A lot of great players leave their longtime teams towards the end of their career. Michael Jordan on the Wizards, Brady in Tampa, Pippen on the Trailblazers, and for Knicks fans, it’s Ewing in a different jersey. Ewing was a household name in the 90’s, especially anywhere in New York. Patrick Ewing played fifteen seasons in the big apple, and did quite well. In 1039 games played for the Knicks, he averaged 22.8 PPG, 2.7 BPG, 10.4 RPG, and made the NBA All-Star game eleven times. He was also rookie of the year in 1986, and is in the basketball Hall Of Fame. Ewing’s career in New York was incredible despite only making the NBA Finals once, but it was so good the Knicks have retired #33 for the big man. So after such a storied career, why were his last two seasons so forgettable?
In the offseason of 2000, the Knicks traded Patrick Ewing to Seattle and Chris Dudley to Phoenix, and received Glen Rice, Luc Longley, Travis Knight, Vladimir Stepania, Vernon Maxwell, Lazaro Borrell, two first round draft picks, and two second round picks. A huge haul for the hall of famer, on paper at least. Patrick Ewing joined his new team, and played an impressive 79 games, starting in all 79 of them. The 38 year old center played his 2nd lowest minutes per game of his career, playing only 26.7 minutes per game. He also only scored 9.6 PPG, his second lowest PPG of his career, 1.2 BPG, and only 7.4 RPG. This season was also his lowest FG% over a season for his career, shooting only 43% from the field. In the first ten games of the season, the SuperSonics lost seven of them. They started 6-9, getting their head coach Paul Westphal fired while doing so. They bounced back, finishing with a record of 44-38, but barely missing the playoffs. Gary Payton made the All-Star game and rookie Desmond Mason won the dunk contest while Patrick Ewing stayed home over the break. Patrick Ewing was 38 and was playing more of a limited role, but is should’ve ended right here, and it did not.
Patrick Ewing signed with the Orlando Magic in the offseason, having to fight for minutes with Horace Grant, a fight in which he lost.
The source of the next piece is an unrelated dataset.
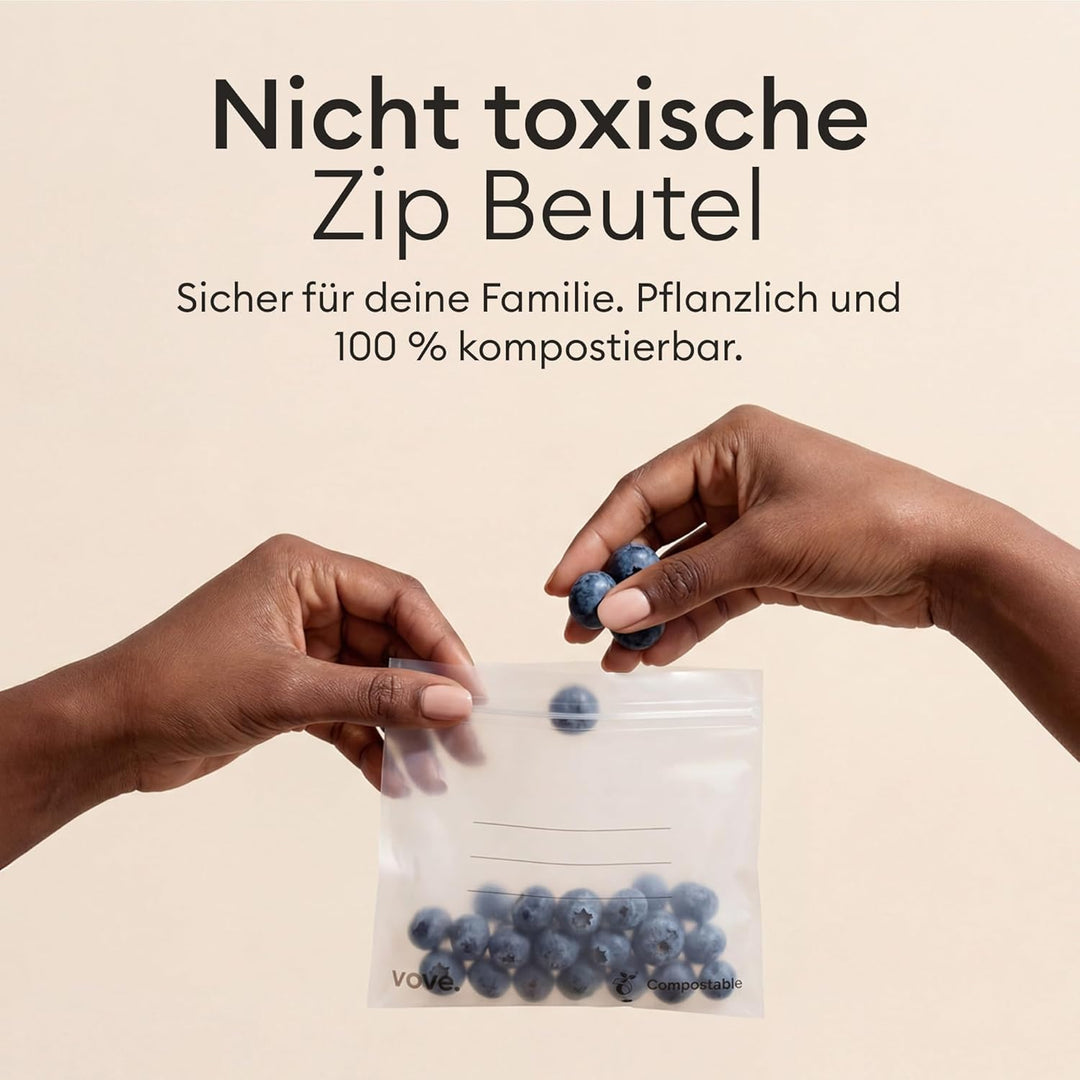 Vove kompostierbare Gefrierbeutel mit luftdichtem Zip-Verschluss, 1 L, 30 Stück - PFAS-frei, BPI-zer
Ewing recorded a career low in PPG with only 6 PPG, playing only 13.9 MPG. Ewing also played in 65 games, but only starting in 4 of the games. He had career lows in PPG, BPG, SPG, APG, RPG, all around having the worst season of his career. The once defensive powerhouse was a shell of his former self in Orlando. This team shockingly went 44-38, just like the Sonics did a year prior, good enough for the 5th seed in the Eastern Conference in the post-Jordan Bulls era. The Magic got bounced out of the playoffs in the first round in four games, losing 1-3 to the Charlotte Hornets. Patrick Ewing thankfully retired after that season, and that was a wrap for Ewing.
Post Knicks Ewing played in 144 games, starting in 83 of them. He averaged 20.3 minutes per game on the two teams, averaging 7.8 PPG, .9 BPG, 5.7 RPG, and a worse shooting stat compared to any of his Knicks seasons. Ewing after the Knicks was god awful, and is always forgotten for playing after the Knicks. After the Knicks, it’s better to only talk about his coaching career, and this is a story better forgotten.